23 ‘All its land is brimstone and salt, a burning waste, unsown and unproductive, and no grass grows in it, like the overthrow of Sodom and Gomorrah, Admah and Zeboiim, which the Lord overthrew in His anger and in His wrath.’ 

24 All the nations will say, ‘Why has the Lord done thus to this land? Why this great outburst of anger?’ 

25 Then men will say, ‘Because they forsook the covenant of the Lord, the God of their fathers, which He made with them when He brought them out of the land of Egypt. 

26 They went and served other gods and worshiped them, gods whom they have not known and whom He had not allotted to them. 

27 Therefore, the anger of the Lord burned against that land, to bring upon it every curse which is written in this book; 

28 and the Lord uprooted them from their land in anger and in fury and in great wrath, and cast them into another land, as it is this day.’ (Deuteronomy 29)
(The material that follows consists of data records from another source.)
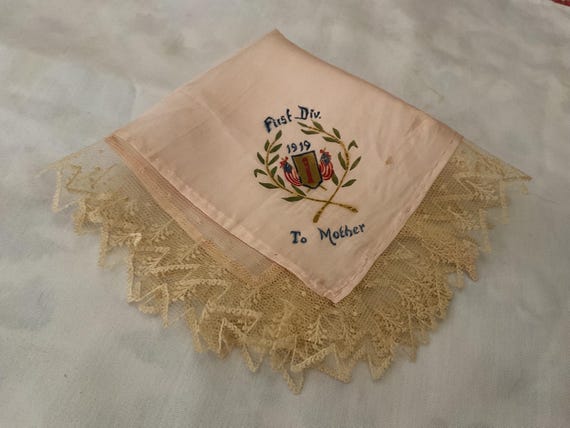 Antique Handkerchief / First Division from World War I “To Mother”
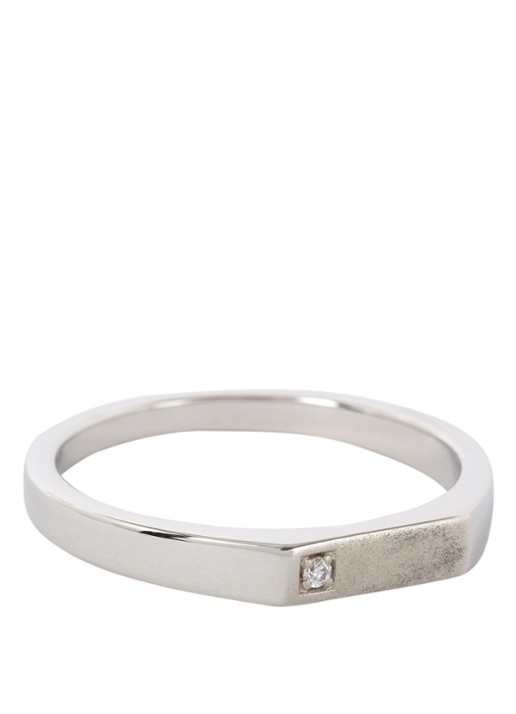 Miansai Thin Geo zegelring van sterling zilver met steen  - voorkant zilver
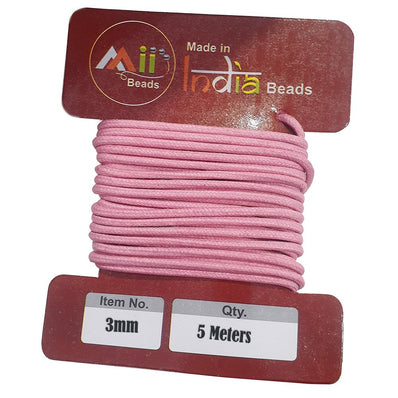 5 Meters Pack 3mm Round Cotton wax threads cords rope for jewellery making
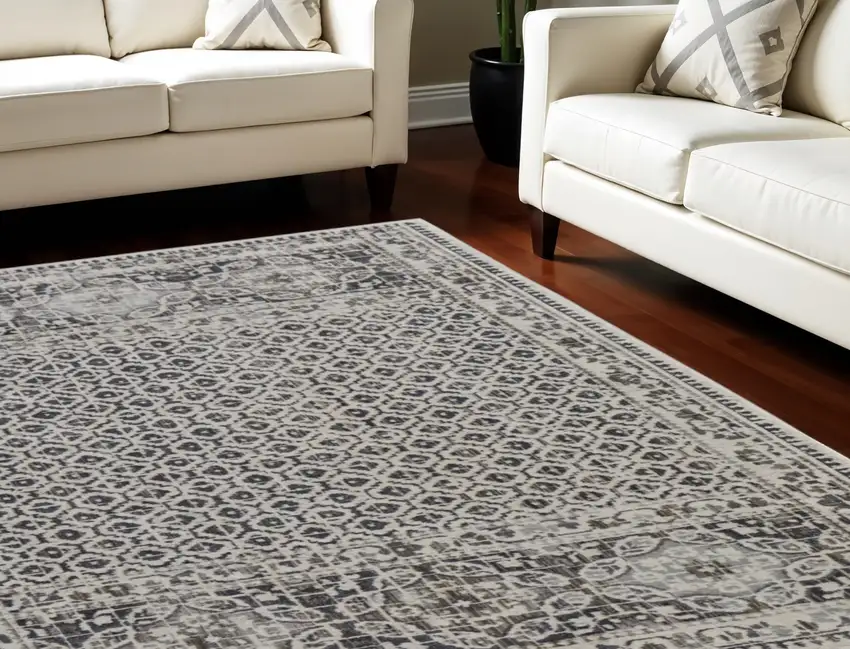 Gray Ivory and Taupe Abstract Power Loom Worn Faded Area Rug Photo 1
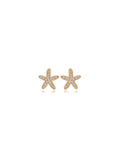 Brinco Fixo Maré Estrela Do Mar Cravejada Banho Ouro 18k Zircônias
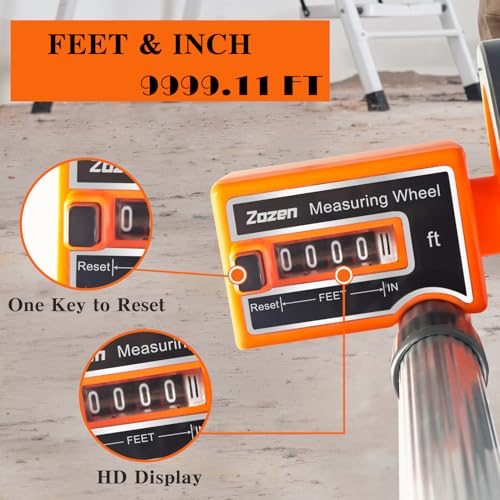 Zozen 4-Inch Measuring Wheel in Feet and Inches,Tape Measure Include,Orange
Keep in mind the Bible study we did last week centering around Deuteronomy 29:22 – That “the generation to come” could legitmately be translated “the latter generation” meaning at the time God would begin the process of fulfilling His promise and bring Israel back into her land as a nation, in preparation for the return of Jesus. The summation given by Messianic Rabbi Jonathan Cahn stated:

It was all there at the beginning of their history. The return of the Jewish people to their ancient land would be the sign of the end times. But for that to happen . . . for a nation to be destroyed, for its people to be scattered to the ends of the earth and then to return to their homeland and come back into history…that would be unprecedented…it would go against all odds and would defy the laws of history. For the Jewish people to return to their ancient land would be the mystery of the Jubilee manifesting on a cosmic scale. And if this was to happen it would mean the hand of God moving in the events of the modern world. It would mean that behind the events of the modern world was an ancient mystery.” (The Oracle, p. 27)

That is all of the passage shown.